La città di Kandahar (e lo stesso omonimo distretto), così come il distretto di Daman, sono contesi tra le sempre più provate e deboli forze di sicurezza afghane – affiancate dalle milizie agli ordini dei warlord che recentemente hanno ripreso le armi in mano – e i talebani, mentre lo strategico aeroporto di Kandahar, essenziale per il supporto aereo alle forze di sicurezza afghane, è ancora sotto il controllo del governo ma è un obiettivo su cui i talebani a breve si concentreranno per ridurre la capacità di combattimento dell’esercito di Kabul. Se i talebani riusciranno a prendere il controllo di Daman, le forze afghane avranno difficoltà a respingere l’offensiva insurrezionale lasciando così la porta aperta alla conquista del capoluogo provinciale e al controllo delle vie di comunicazione, il che significherebbe sancire la conquista del sud e dell’est del paese da parte talebana.
Metà del Paese in mano ai talebani
Kandahar è dunque ora sotto assedio. I talebani hanno usato la loro strategia dell’insurrezione rurale per prendere il controllo di distretti remoti avvicinandosi ai capoluoghi di provincia, da Herat a Mazar-e Sharif, a Kunduz, a Ghazni, alla stessa capitale Kabul.
Le aree rurali poste sotto controllo vengono utilizzate per reclutare e addestrare combattenti, raccogliere fondi, rifornirsi, avviare una politica di propaganda e influenza nei vicini distretti per poi attaccarli in forze e conquistarli, e utilizzarli poi come nuova base di partenza per la successiva espansione. Un approccio tattico ben consolidato nella prassi operativa dei talebani che, a partire dal 2014 hanno visto diminuire la pressione militare nei loro confronti a seguito della “transizione irreversibile” voluta dall’allora presidente statunitense Barack Obama e al conseguente disimpegno delle forze di combattimento straniere. Una strategia insurrezionale che, di fatto, oggi consegna ai talebani metà del Paese mentre l’altra metà rischia di non essere difendibile da parte di un governo sempre meno capace e coeso. I talebani minacciano ora 16 dei 34 capoluoghi provinciali dell’Afghanistan, mentre 18 delle province nella loro interezza potrebbero presto cadere nelle loro mani.

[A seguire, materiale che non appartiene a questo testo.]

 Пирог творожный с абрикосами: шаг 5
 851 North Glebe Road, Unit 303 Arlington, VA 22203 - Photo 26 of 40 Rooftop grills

Di fatto, i talebani hanno triplicato il numero il numero di distretti conquistati, passati da 73 a 221 in tre mesi; da una parte si consolida la loro presenza nel sud e nell’est del Paese, dall’altro si fanno sempre più aggressive le incursioni nel nord e nell’ovest con l’obiettivo, non tanto di occupare aree territoriali bensì di disturbo nei confronti delle milizie locali che si stanno riorganizzando, con l’esplicito sostegno del presidente afghano Ashraf Ghani e dei gruppi di potere anti-talebani: in prevalenza uzbeki, tagiki, hazari e turkmeni. Una scelta che ha di fatto aperto alla nuova fase della guerra civile afghana.